September 6, 2002

SPINSANITY AGREES with Cathy Young and others that the NEA is getting a bum rap. I’m persuaded now, but I can’t help observing that the NEA hurt its case by acting guilty. As SpinSanity itself says:

After repeated attempts to contain the controversy, the NEA issued an indirectly worded statement on Aug. 27. Rather than directly refuting the charges, it vaguely asserts that critics “have taken the material out of context” and are “using this national tragedy to attempt to score political points,” giving little indication that the entire controversy has essentially been fabricated. It also at some point apparently removed links to Lippincott’s lesson.

Now that doesn’t make misrepresentations of its views any less misleading, but on the other hand, people watch an organization’s behavior for cues as to whether to take charges against it seriously. If NEA had said “this is a made-up controversy” and “we never said that” people would have been less inclined to believe the critics.
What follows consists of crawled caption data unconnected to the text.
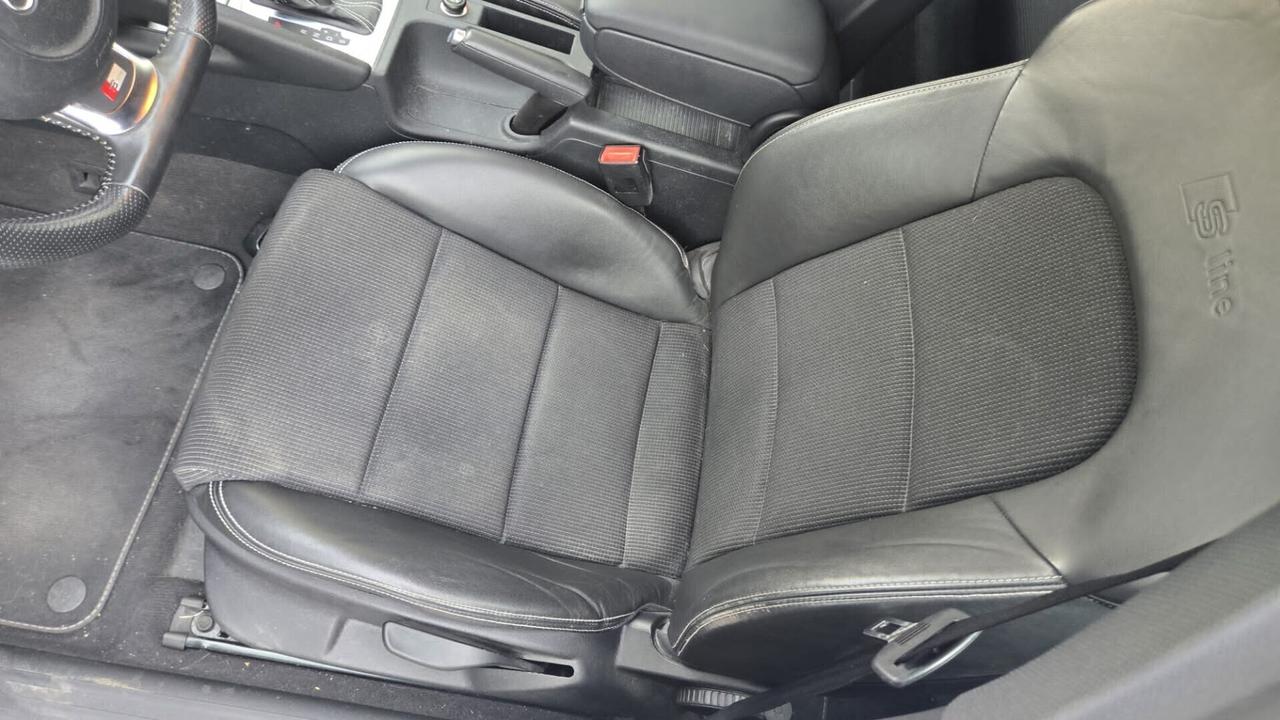 Audi A3 2.0 16V TFSI quattro S tronic Ambition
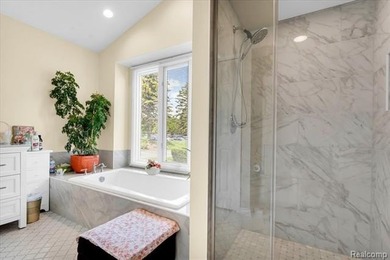 Completely updated end-unit ranch in sought-after The Heathers - photo 20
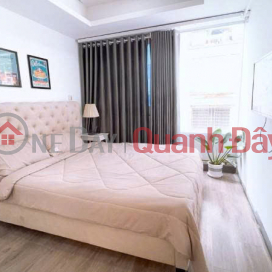 Beautiful house with 3 bedrooms, full high-class furniture, car alley Mac Dinh Chi _0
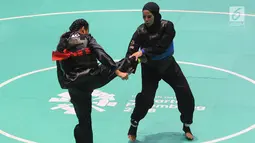 Pesilat Indonesia, Sarah Tria Monita (biru) bertanding melawan Nong Oy Vongphakdy (merah) asal Laos dalam babak final Kelas C Putri Asian Games 2018 di Jakarta, Senin (27/8). Sarah menang dan mendapatkan medali emas. (Merdeka.com/Arie Basuki)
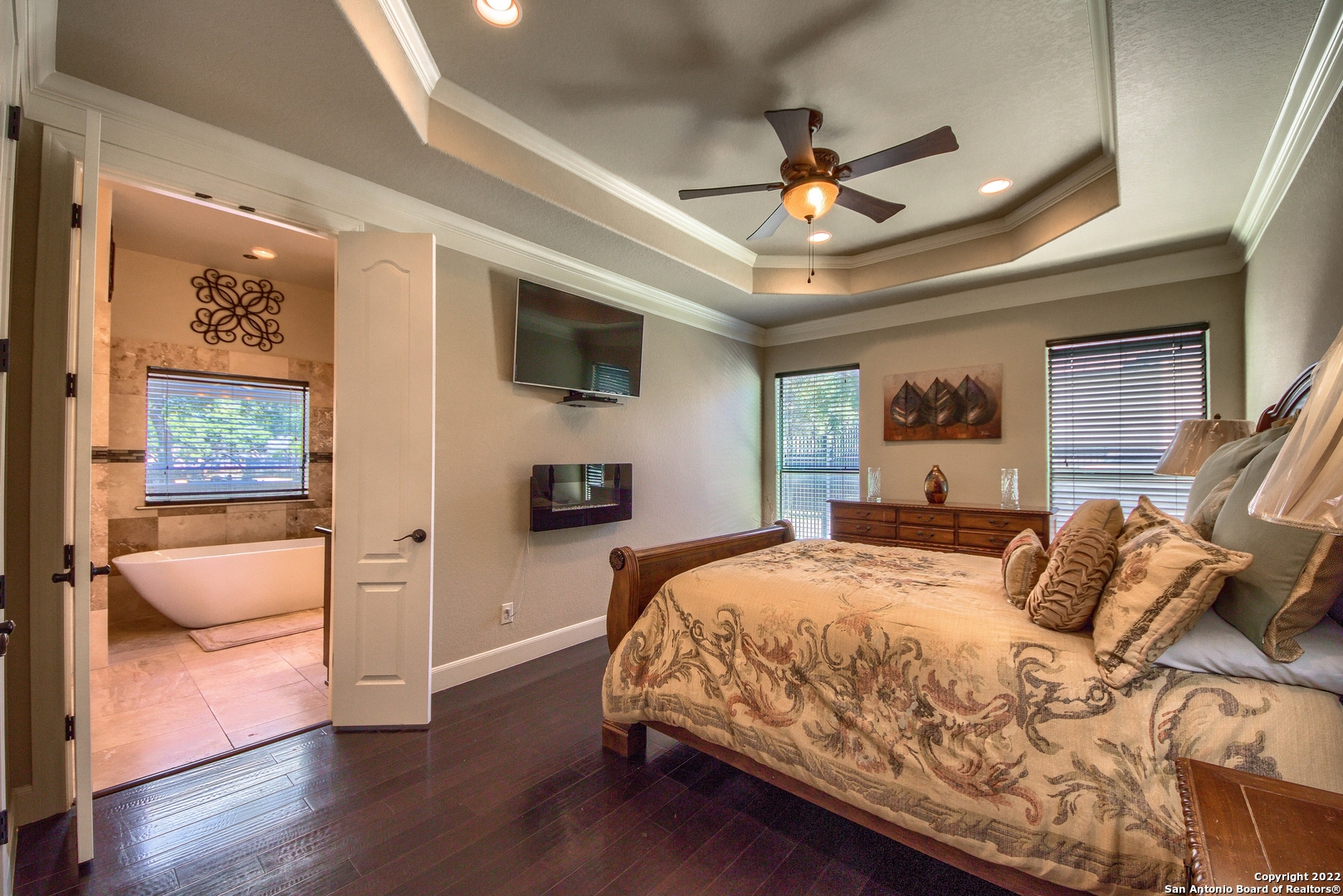 9811 KLEIN CT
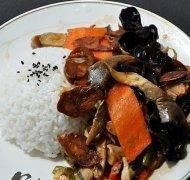 臘腸燒香菇蓋澆飯 臘腸燒香菇蓋澆飯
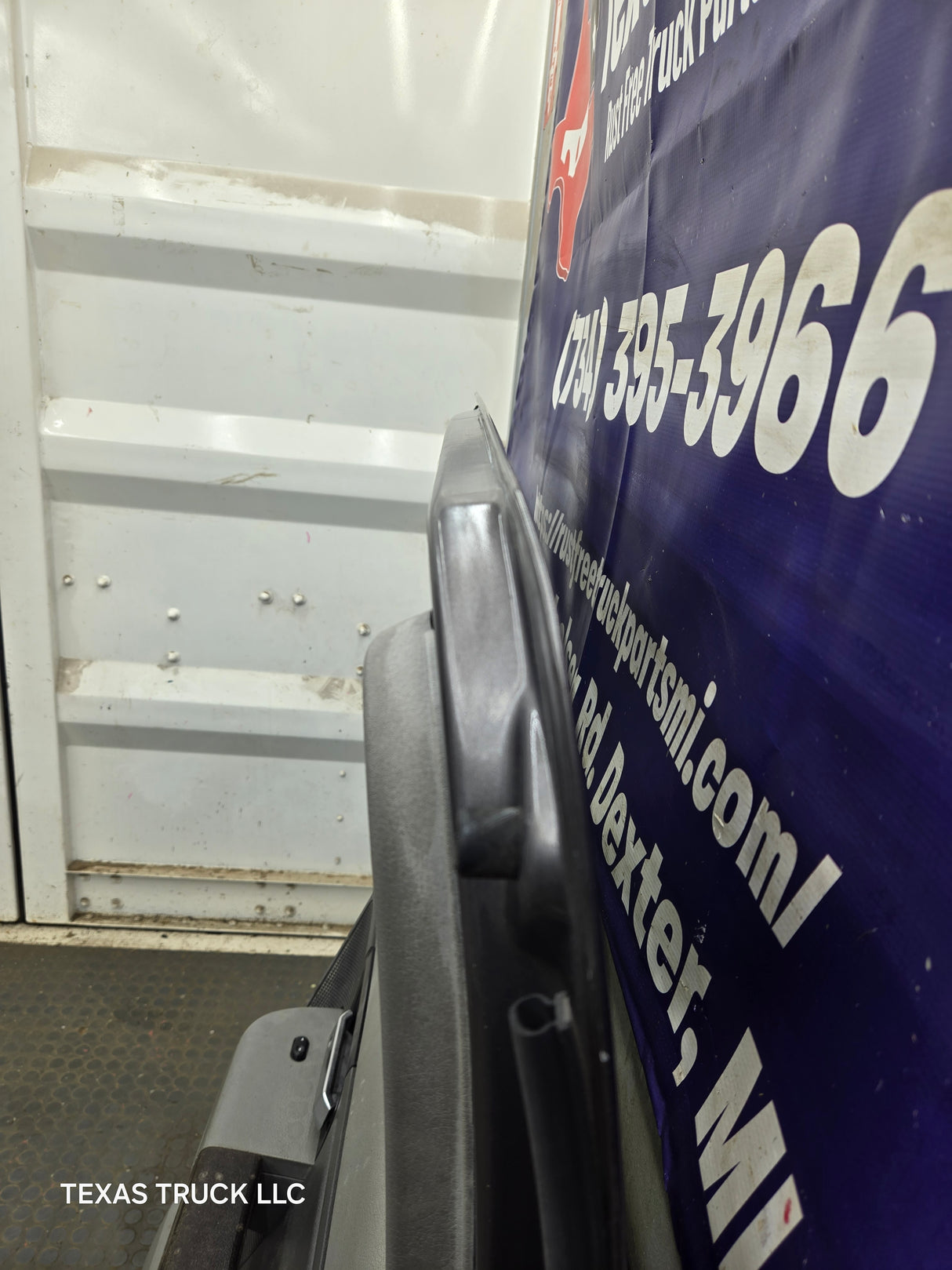 2004-2008 Ford F150 Passenger Side Rear Crew Cab Door RH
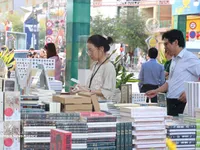 Tet Book Street Festival welcomes Spring with knowledge, renewed thinking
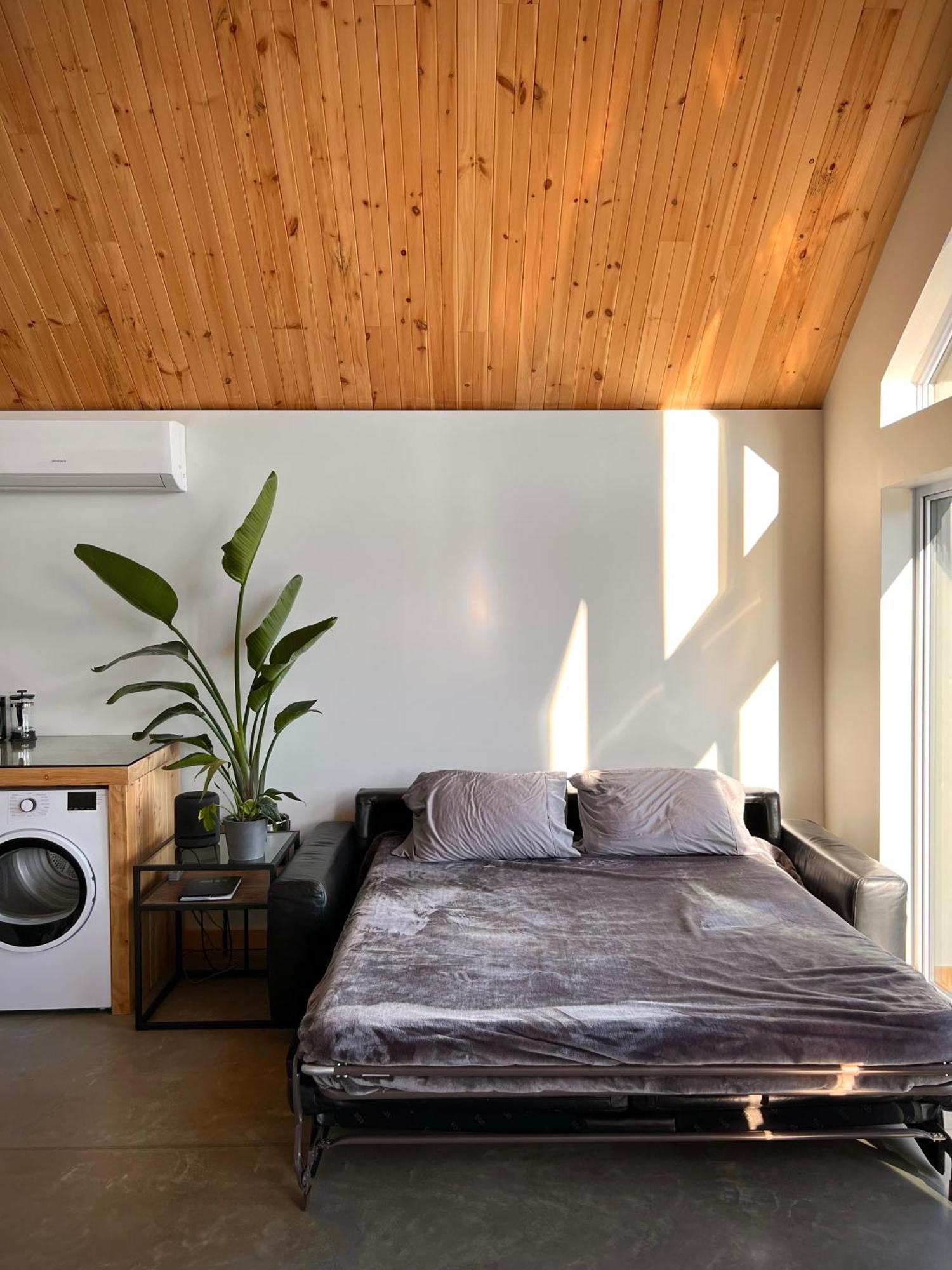 Magical Loft : Breathtaking View & Cozy Fireplace Chicoutimi Kültér fotó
So why didn’t it?

UPDATE: Porphyrogenitus says “I told you so.” And, indeed, as I noted here on August 19, he did. He also has some cautionary advice.

ANOTHER UPDATE: Robert Holmgren writes over in Romenesko’s letters section that Nyhan is spinning too:

Brendan Nyhan’s Spinsanity piece concerning a Washington Times story on NEA suggested lesson plans blames Ellen Sorokin for misleading readers into thinking that the NEA wished to avoid blaming Al-Qaeda for the attacks on 9/11. Since the Washington Times article never mentions Al-Qaeda we may want to consider the ways in which Nyhan is spinning this story as well. It suggests that what Nyhan preceives is equal to what is written.

The blogosphere (and yes, I think Romenesko is a blog) chugs on.